Crate gaffer[][src]

Expand description

Prioritised, parallel job scheduler with concurrent exclusion, job merging, recurring jobs and load limiting for lower priorities.

A job scheduler executes tasks on it’s own thread or thread pool. This job scheduler is particularly designed to consider heavier weight or more expensive jobs, which likely have side effects. In this case it can be valuable to prioritise the jobs and merge alike jobs in the queue.

Features

  • Recurring jobs: jobs which will be re-enqueued at some interval 2
  • Job queue: use an crossbeam_channel::Sender<YourJob> to send jobs
  • Future Jobs: (Optionally) create Futures to get results from the jobs 2
  • Job prioritisation: provide a priority for jobs and all the jobs will be executed in that order
  • Job merging: merge identical / similar jobs in the queue to reduce workload 2
  • Parallel execution: run jobs on multiple threads and lock jobs which should be run exclusively, they remain in the queue and don’t occupy other resources
  • Priority throttling: in order to have idle threads ready to pick up higher-priority jobs, throttle lower priority jobs by restricting them to a lower number of threads

Limitations

  • 2 There are a few ergonomics issues to do with the job merging and recurring jobs apis.
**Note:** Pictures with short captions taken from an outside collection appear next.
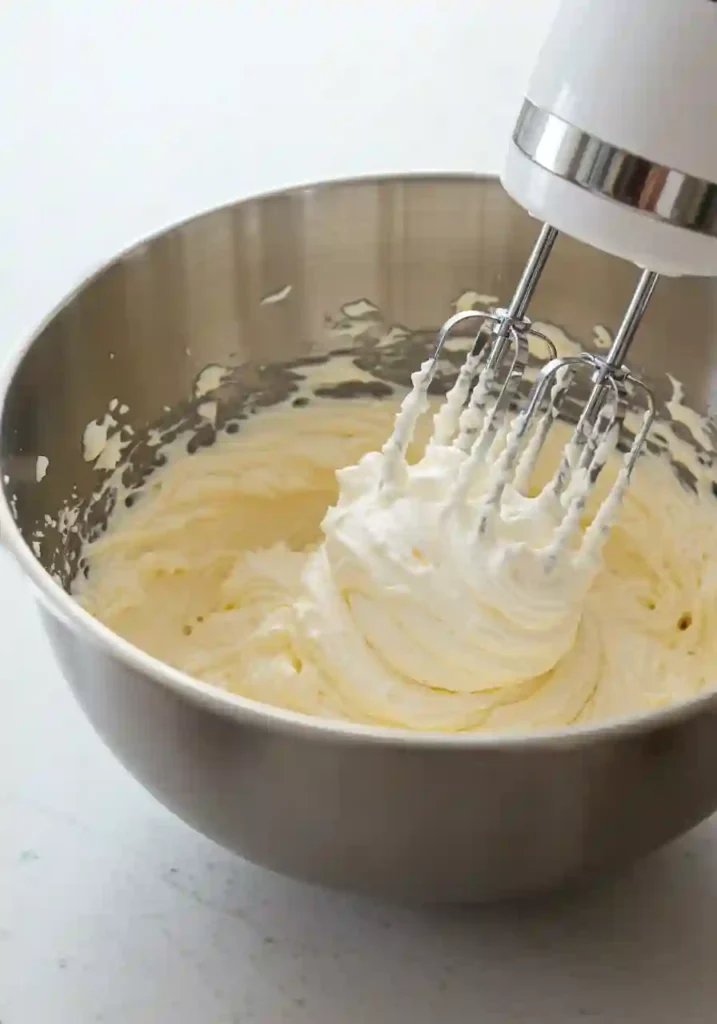 Electric mixer blending smooth cream cheese and whipped cream for cheesecake cups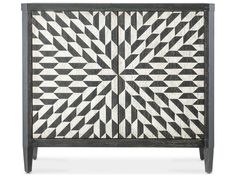 a black and white cabinet with geometric design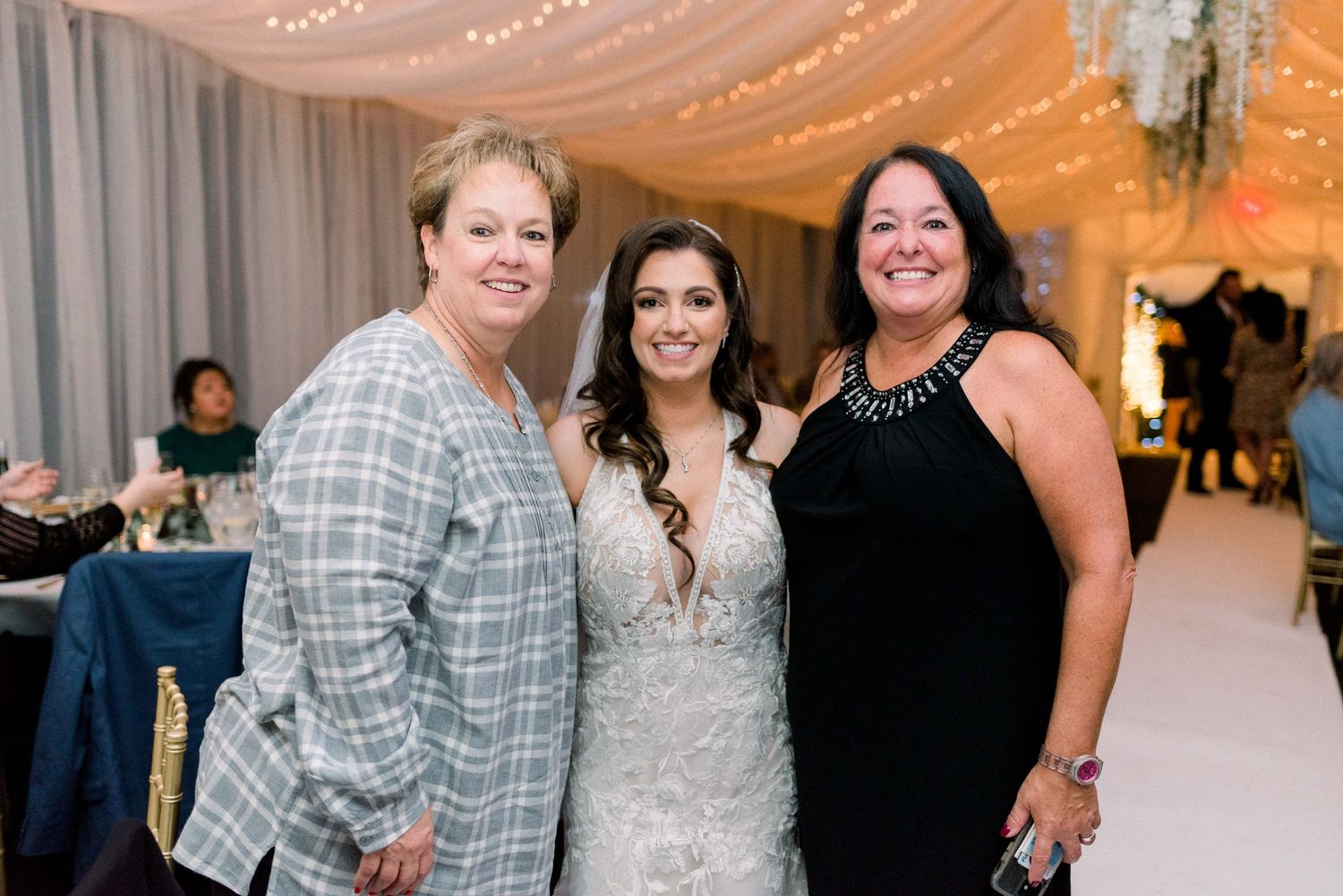 Wedding reception guests posing together in decorated indoor venue.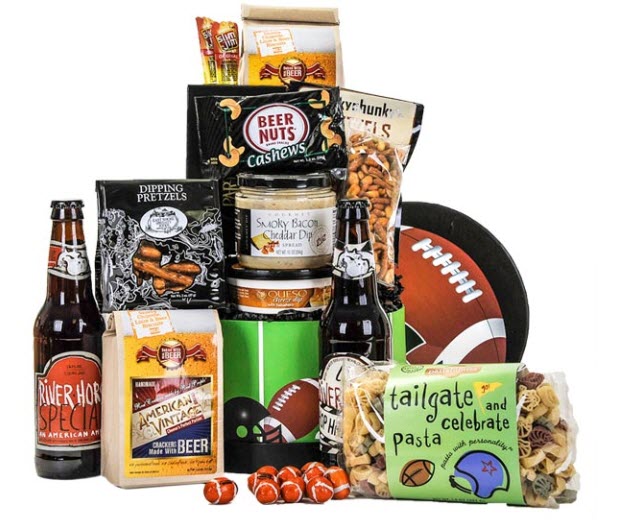 A pyramid of items including various football-themed snacks and two bottles of beer.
For example, all jobs need to implement Clone (so they can be reproduced for recurring) and any results provided by a future need to implement Clone (so that they can be merged).
  • some of the tests are very dependent on timing and will fail if run slowly

Example

See /examples/full.rs for a full example, or below for examples focusing on particular capabilities.

Capabilities

The capabilities can all be combined, see the full example.

Recurring jobs

Recurring jobs are configured on the runner when it is built, the runner then clones the job and enquese it if a matching job is not enqueued within the interval.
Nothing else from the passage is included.